If you have multiple people on the same side of the family with breast cancer or with other types (such as ovarian or pancreatic), with rare cancers (such as cancer in both breasts or breast cancer in men), or cancer diagnosed at an early age, you may have an increased risk for breast and other cancers.
Say you do decide to get screened—it's a simple blood or saliva test. It's important to see a certified genetic counselor. (You can find one near you at nsgc.org/page/find-a-gc-search.) Many people are familiar with the BRCA1 and BRCA2 genes, which signal greater risk for breast and other cancers, such as ovarian, but there is a whole world of other genes that could mean the same.

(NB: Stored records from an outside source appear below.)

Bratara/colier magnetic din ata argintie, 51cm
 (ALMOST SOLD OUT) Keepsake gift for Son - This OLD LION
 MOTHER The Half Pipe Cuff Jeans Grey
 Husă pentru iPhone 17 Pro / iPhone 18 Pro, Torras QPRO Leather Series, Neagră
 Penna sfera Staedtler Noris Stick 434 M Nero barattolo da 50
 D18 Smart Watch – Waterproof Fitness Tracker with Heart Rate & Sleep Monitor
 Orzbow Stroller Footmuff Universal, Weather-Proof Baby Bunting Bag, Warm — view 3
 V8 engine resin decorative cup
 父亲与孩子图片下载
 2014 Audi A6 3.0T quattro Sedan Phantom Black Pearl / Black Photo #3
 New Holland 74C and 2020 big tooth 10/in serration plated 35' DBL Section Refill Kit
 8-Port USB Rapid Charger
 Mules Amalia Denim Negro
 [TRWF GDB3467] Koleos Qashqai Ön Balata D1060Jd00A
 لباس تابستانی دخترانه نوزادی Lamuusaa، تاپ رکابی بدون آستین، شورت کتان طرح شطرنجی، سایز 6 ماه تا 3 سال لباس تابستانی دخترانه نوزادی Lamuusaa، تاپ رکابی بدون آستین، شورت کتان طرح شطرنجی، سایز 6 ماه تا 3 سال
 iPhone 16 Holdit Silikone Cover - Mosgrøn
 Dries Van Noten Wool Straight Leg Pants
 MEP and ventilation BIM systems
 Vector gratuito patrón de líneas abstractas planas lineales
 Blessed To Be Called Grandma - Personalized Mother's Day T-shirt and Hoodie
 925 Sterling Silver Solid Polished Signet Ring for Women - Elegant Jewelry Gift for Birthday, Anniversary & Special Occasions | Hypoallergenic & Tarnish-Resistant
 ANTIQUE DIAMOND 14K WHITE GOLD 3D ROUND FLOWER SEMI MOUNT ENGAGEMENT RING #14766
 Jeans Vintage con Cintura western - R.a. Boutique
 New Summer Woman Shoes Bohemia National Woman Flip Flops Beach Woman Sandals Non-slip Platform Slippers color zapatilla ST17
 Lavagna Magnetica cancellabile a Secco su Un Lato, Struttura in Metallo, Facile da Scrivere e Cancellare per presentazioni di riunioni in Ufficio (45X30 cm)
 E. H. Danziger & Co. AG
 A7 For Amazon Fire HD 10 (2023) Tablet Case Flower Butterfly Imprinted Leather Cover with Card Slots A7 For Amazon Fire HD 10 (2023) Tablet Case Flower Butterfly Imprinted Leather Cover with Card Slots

Because we're finding new genes all the time, the results—and what you should do with the information—are not always as clear-cut as with the BRCA genes, where we have years of research on treatment outcomes. (In that case, management may include yearly breast MRIs or risk-reducing surgeries like a bilateral mastectomy.) A genetic counselor will be current on the latest news on which genes to test for based on your family history and how to interpret the sometimes murky results.
And before you even take the test, the genetic counselor can discuss privacy concerns. A 2008 law prevents discrimination based on DNA by employers and health insurance providers, but the law does not cover disability, life, or long-term-care insurance. She can help you make an informed decision.
This article first appeared in Women's Health.